A conforto di quanto affermiamo si tenga presente quello che Bufalino ha consegnato ne Antologia del “Campiello”: «Una vita come tante, due tre malattie intere, due tre mezzi amici, un umor malinconico con vampate d’ilarità; un cristianesimo ateo e tremante, inetto a capire se l’universo sia salute o metastasi, grazia o disgrazia; un odio della storia: lastrico di fossili ideologici, collana inerte di errori; un trasporto per ciò che dura e resiste – luoghi, solidali gerghi, abitudini oneste, strette di mano – nel fondo della mia provincia sperduta. In letteratura un amor di menzogna e di musica, purché radicate nel punto favoloso e geometrico del dolore e della memoria».
Parole, queste, che sono una vera e propria dichiarazione di poetica, di Weltanschauung, cioè di visione globale della vita e del mondo. Per questo «figlio di Sciascia» (così amava definirsi) la vita ha un «bizzarro sapore d’inesistenza»; la Storia – sono parole sue – è come «un toro impazzito che dà cornate qua e là alla cieca, senza ragione»; il mondo è, svevianamente, malattia e catastrofe e la letteratura non solo «simulacro» e «protesi del vivere» ma anche menzogna e musicalità radicate nel dolore e nella memoria. Quanto alla religione e alla fede, Bufalino confessa di essere un cristiano «ateo e tremante», che è, poi, il modo migliore di essere cristiano. In un inedito apparso sulla rivista Stilos di marzo-aprile del 2006, lo scrittore scrive che, riguardo alla «sfera del luminoso», sopravviveva in lui «solo il tremito intermittente d’una nostalgia, d’un rimorso, d’una speranza. Un tremito che pare annunzi l’epifania d’un istante di privilegio. Come chi, espulso da un Eden, nell’esilio della sua cecità, avverte d’un tratto un bagliore tornare a insinuarglisi fra le palpebre cucite e resta, incerto fra riverenza e spavento, a rabbrividire di fronte all’inconoscibile».

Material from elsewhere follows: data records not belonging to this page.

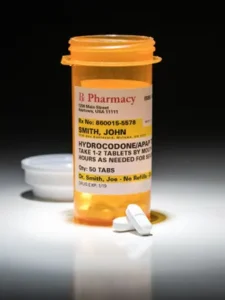 Hydrocodone Bottle with Tabs Opioid Addiction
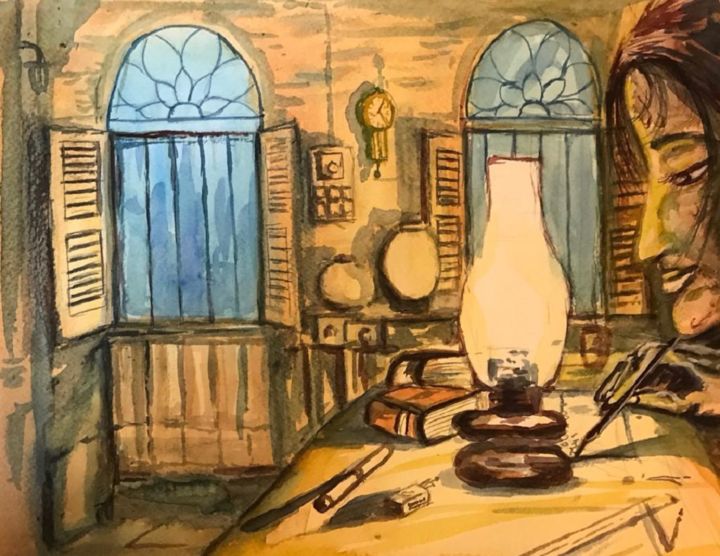 Painting titled "70s-load-shedding-m…" by Kannan Ananthasubramani, Original Artwork, Watercolor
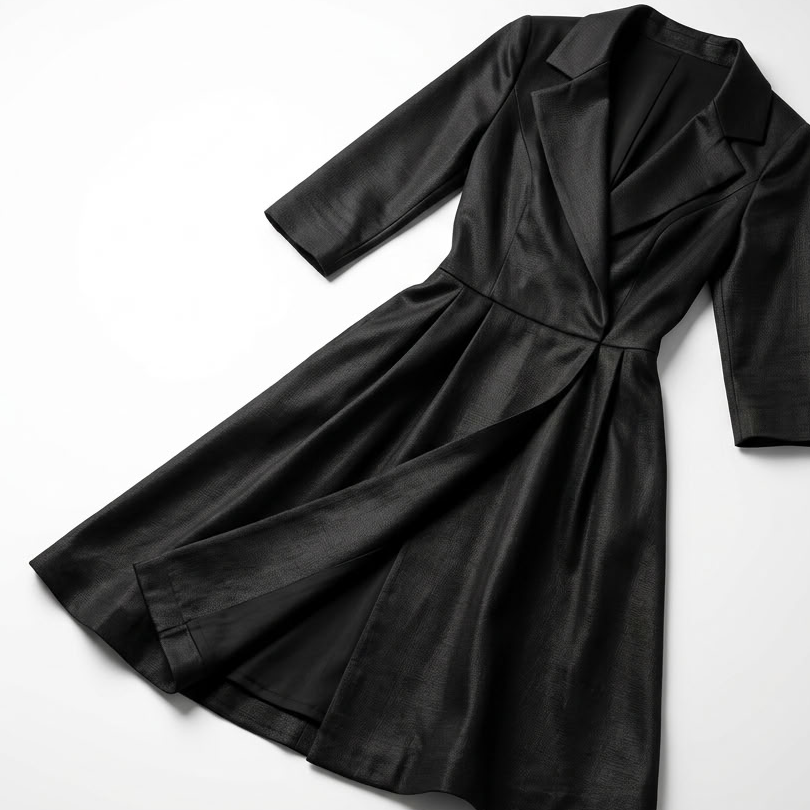Robe midi portefeuille noire présentée à plat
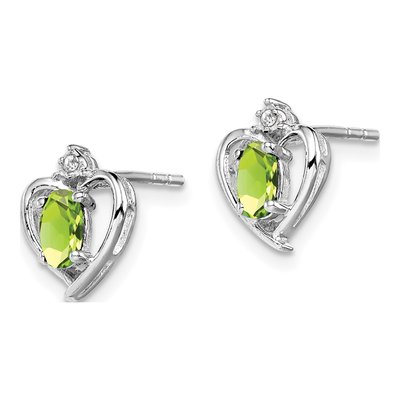 Sterling Silver Oval Peridot & Diamond Heart Stud Earrings – view 2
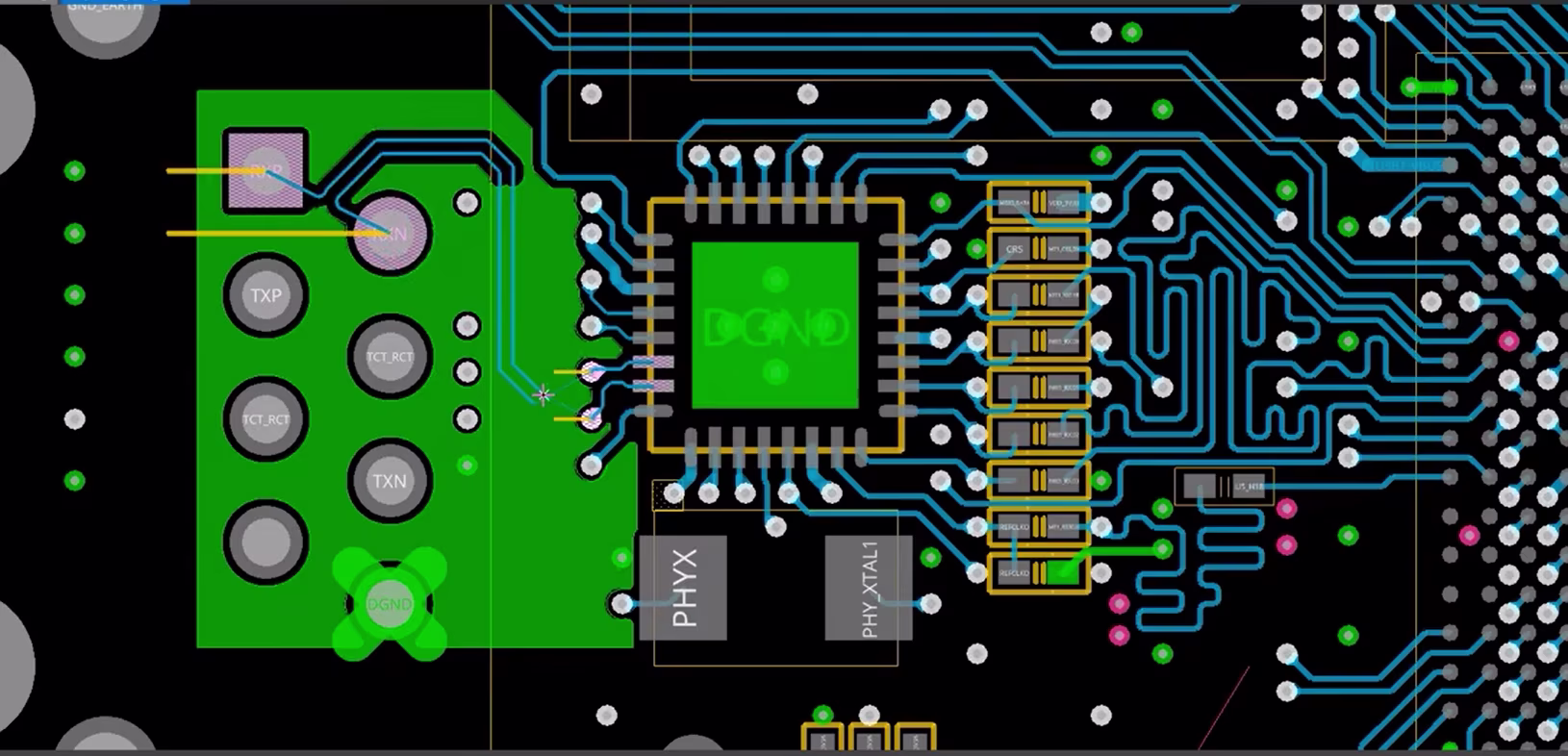 Cross-section of multilayer ECU PCB showing power and ground planes for integrity analysis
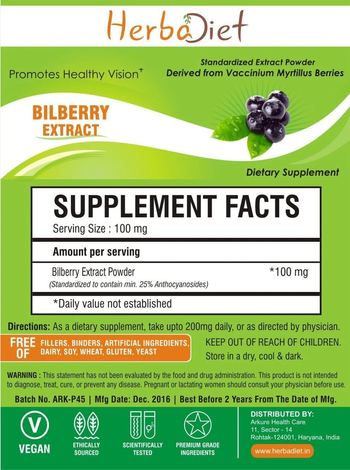 Herbadiet Bilberry Extract - supplement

Un mondo come il nostro, nel quale dominano la violenza, l’inganno e la follia e dove tutti siamo educati alla morte e alla catastrofe, Bufalino pensò bene di rappresentarlo come un gigantesco ossimoro, quale in effetti è, spesso attraverso il gioco dei contrari e del rovescio, avvalendosi di un registro alto, con «scialo» di aggettivi – come spiega lui stesso –, con «l’oltranza dei colori» proprio «per contrastare l’ossificazione del mondo in oggetti senza qualità e per restituire ai nostri occhi ormai miopi il sangue forte delle presenze e dei sentimenti». Almeno sulla pagina, se è vero che – come scrive nella Diceria – «non facciamo da mane a sera che carezzare le nostre vanitose agonie». Probabilmente alla ricerca disperata di «una memoria qualunque in cui sopravvivere».